- [THE DATA]
———
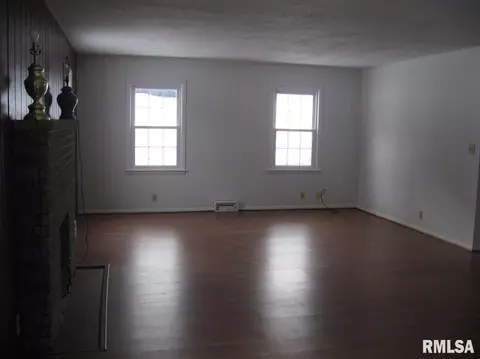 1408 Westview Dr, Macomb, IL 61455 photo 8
———
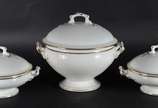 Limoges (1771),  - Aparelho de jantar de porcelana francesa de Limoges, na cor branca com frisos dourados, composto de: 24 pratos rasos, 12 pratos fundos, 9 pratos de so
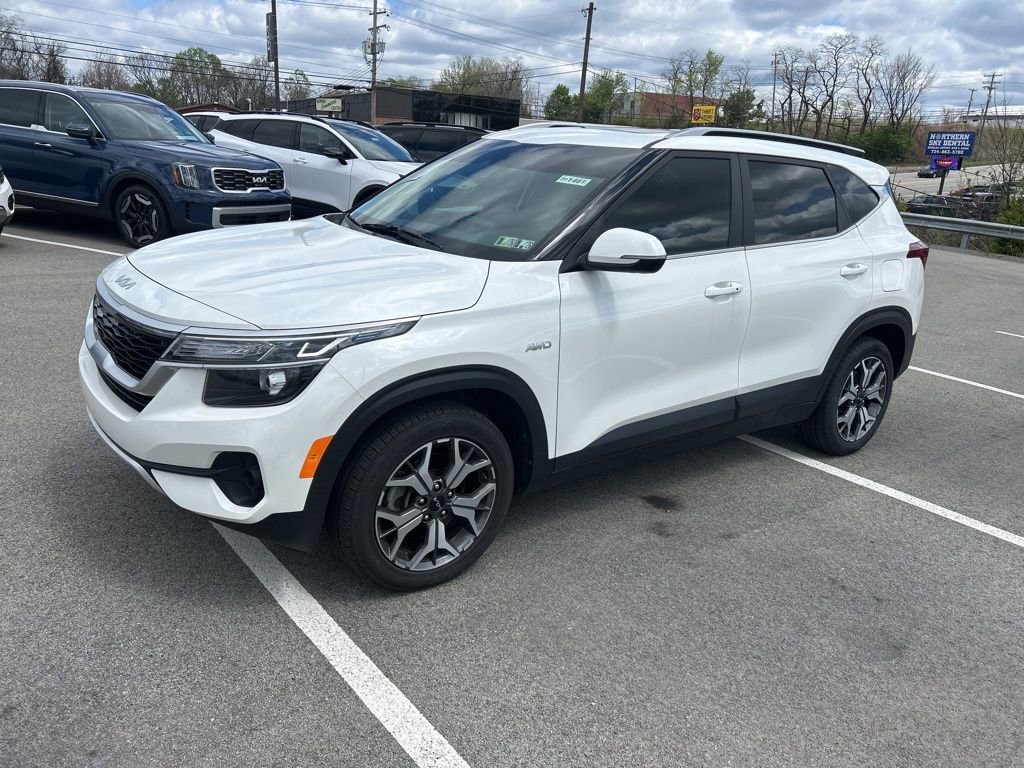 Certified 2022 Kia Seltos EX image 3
———
- [WORK REQUIRED]
Starting at the line with "pratos de so" and finishing at the line with "Certified 2022 Kia Seltos EX image 3", copy the material above exactly, both lines included. Nothing else goes in, and no pictures.

- [YOUR SOLUTION]
 Limoges (1771),  - Aparelho de jantar de porcelana francesa de Limoges, na cor branca com frisos dourados, composto de: 24 pratos rasos, 12 pratos fundos, 9 pratos de so
 Certified 2022 Kia Seltos EX image 3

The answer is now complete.